[TASK DETAILS]:
Please reproduce the data exactly and omit the pictures.

*** Begin section ***

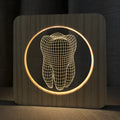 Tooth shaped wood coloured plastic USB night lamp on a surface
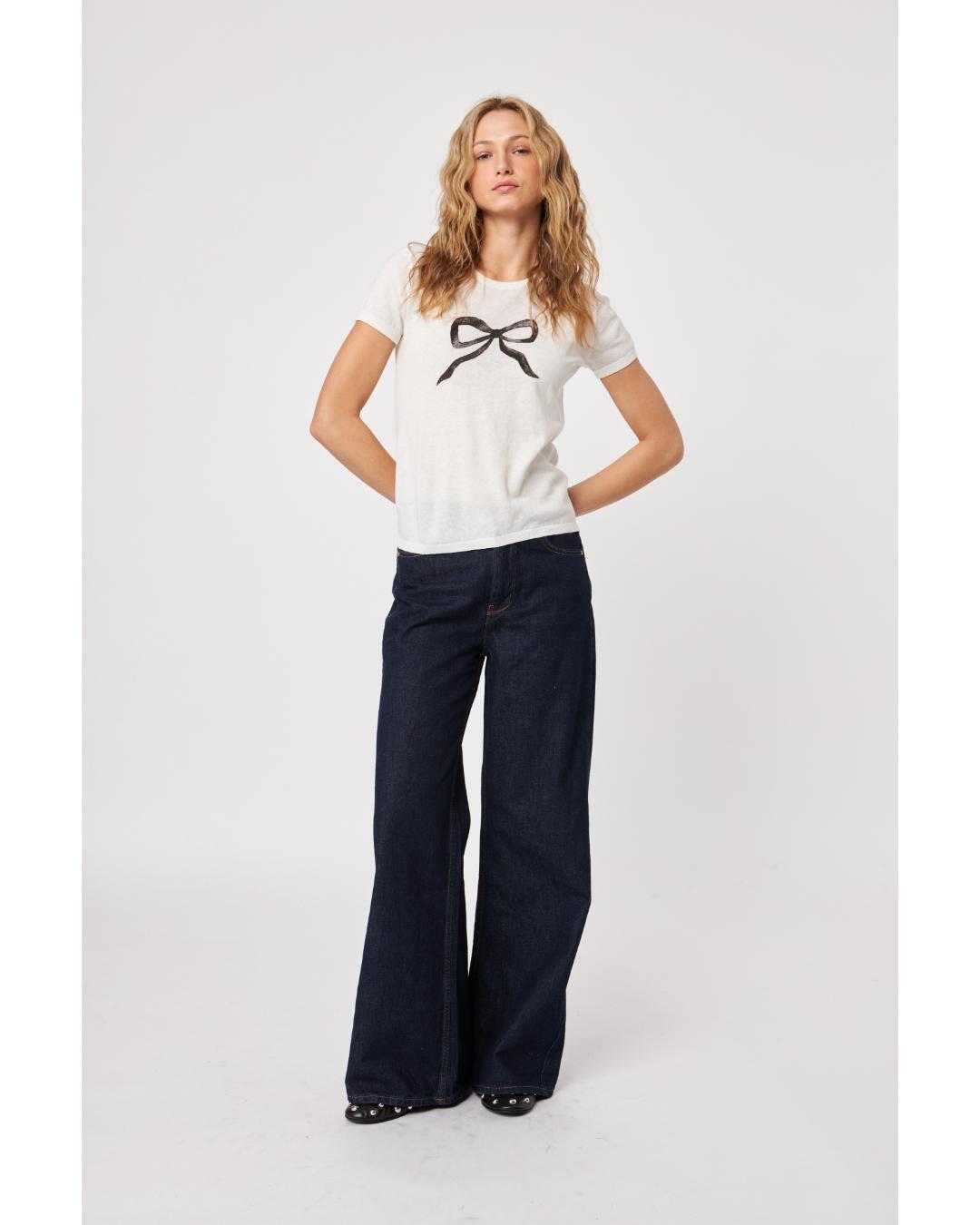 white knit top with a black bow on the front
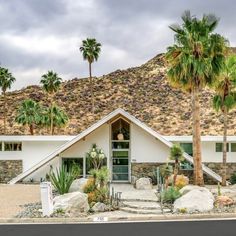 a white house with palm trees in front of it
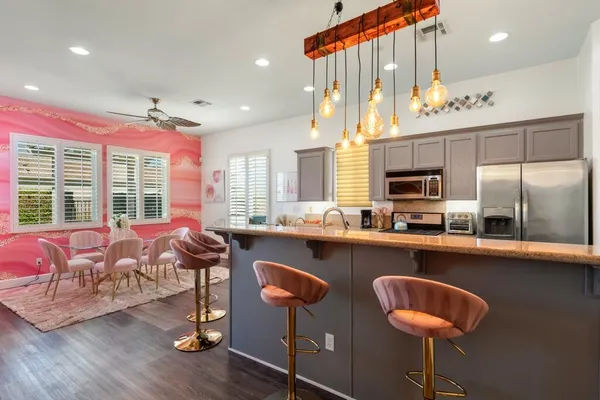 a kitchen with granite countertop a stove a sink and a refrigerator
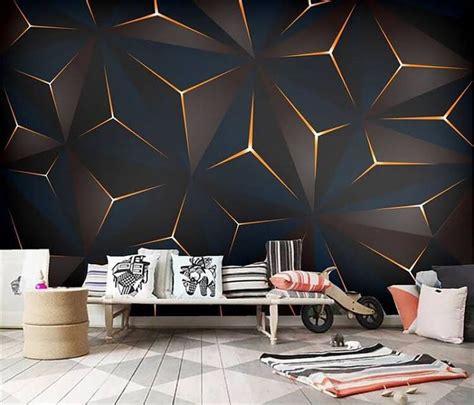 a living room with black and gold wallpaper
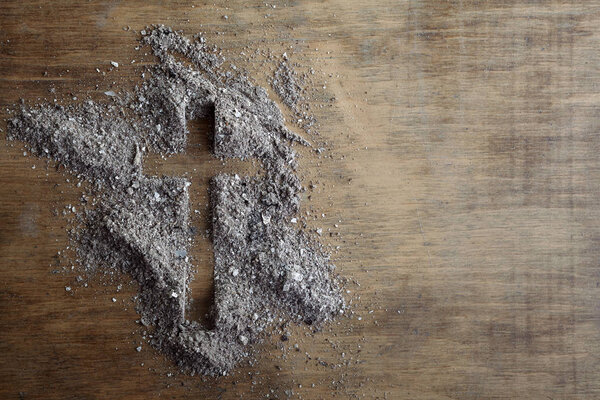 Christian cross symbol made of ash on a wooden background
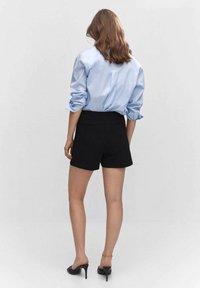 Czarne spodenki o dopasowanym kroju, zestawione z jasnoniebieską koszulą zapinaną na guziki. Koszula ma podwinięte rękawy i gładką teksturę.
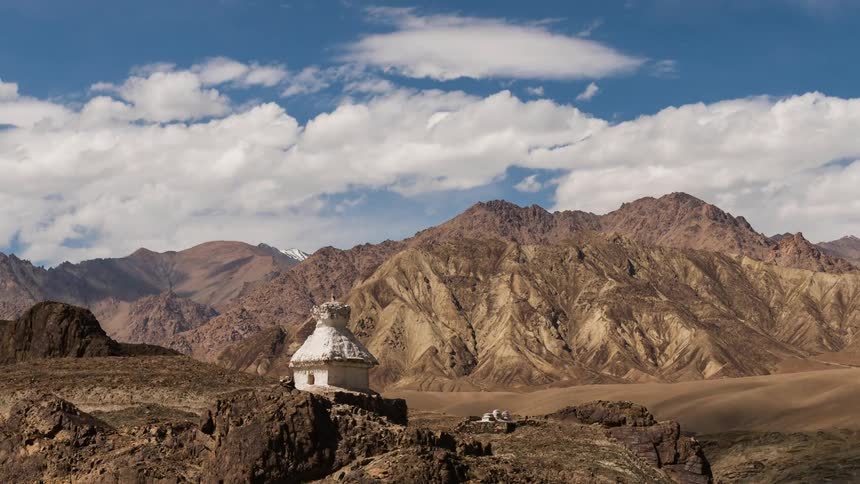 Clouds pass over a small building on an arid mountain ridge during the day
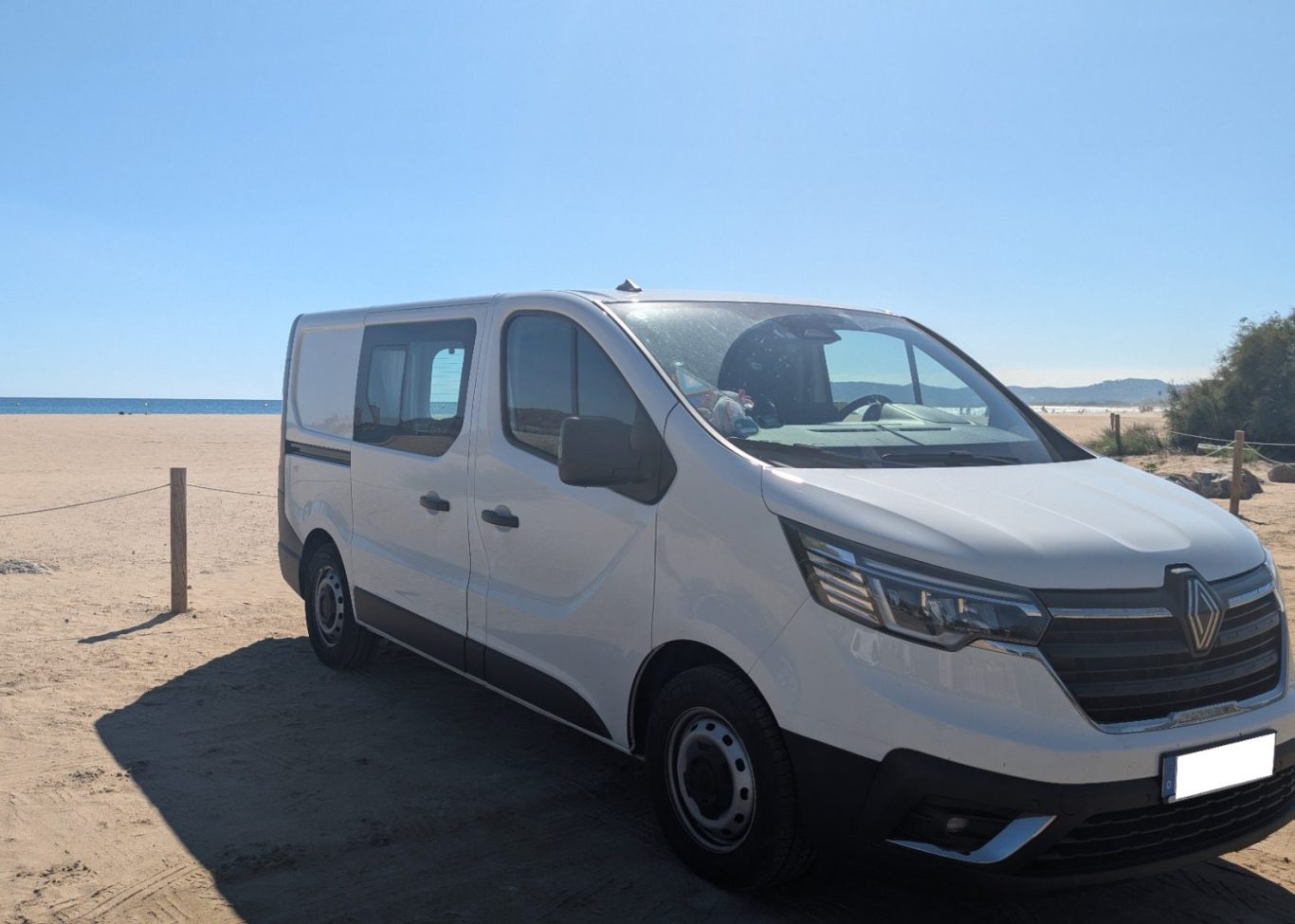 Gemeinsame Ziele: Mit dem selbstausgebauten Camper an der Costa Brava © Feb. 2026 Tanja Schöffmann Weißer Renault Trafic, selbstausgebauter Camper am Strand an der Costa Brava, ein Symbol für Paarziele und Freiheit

*** End section ***

[TASK SOLUTION]:
 Tooth shaped wood coloured plastic USB night lamp on a surface
 white knit top with a black bow on the front
 a white house with palm trees in front of it
 a kitchen with granite countertop a stove a sink and a refrigerator
 a living room with black and gold wallpaper
 Christian cross symbol made of ash on a wooden background
 Czarne spodenki o dopasowanym kroju, zestawione z jasnoniebieską koszulą zapinaną na guziki. Koszula ma podwinięte rękawy i gładką teksturę.
 Clouds pass over a small building on an arid mountain ridge during the day
 Gemeinsame Ziele: Mit dem selbstausgebauten Camper an der Costa Brava © Feb. 2026 Tanja Schöffmann Weißer Renault Trafic, selbstausgebauter Camper am Strand an der Costa Brava, ein Symbol für Paarziele und Freiheit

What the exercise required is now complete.